# EXTRACTED MATERIAL:
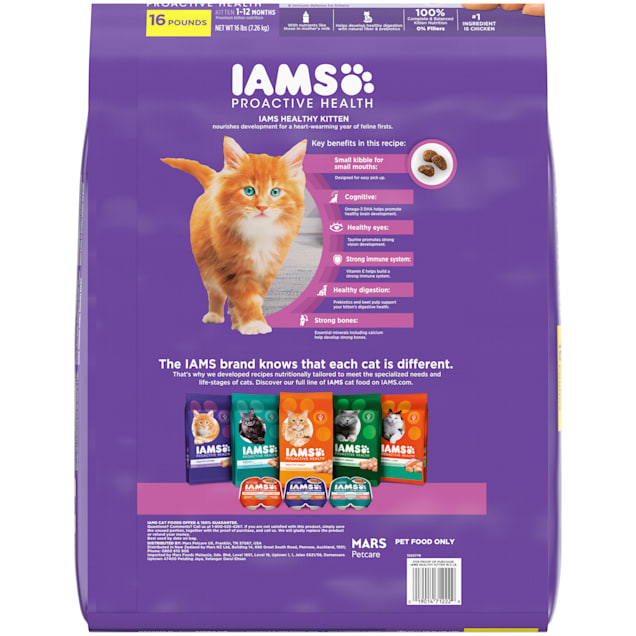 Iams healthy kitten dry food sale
...
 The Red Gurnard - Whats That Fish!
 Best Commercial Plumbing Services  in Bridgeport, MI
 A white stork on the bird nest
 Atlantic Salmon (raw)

# TASK INSTRUCTIONS:
Transcribe, exactly and without additions, the lines of the records above, beginning with the line that contains "A white stork on the bird nest" and ending with the line that contains "Atlantic Salmon (raw)", both included.

# WORKED SOLUTION:
 A white stork on the bird nest
 Atlantic Salmon (raw)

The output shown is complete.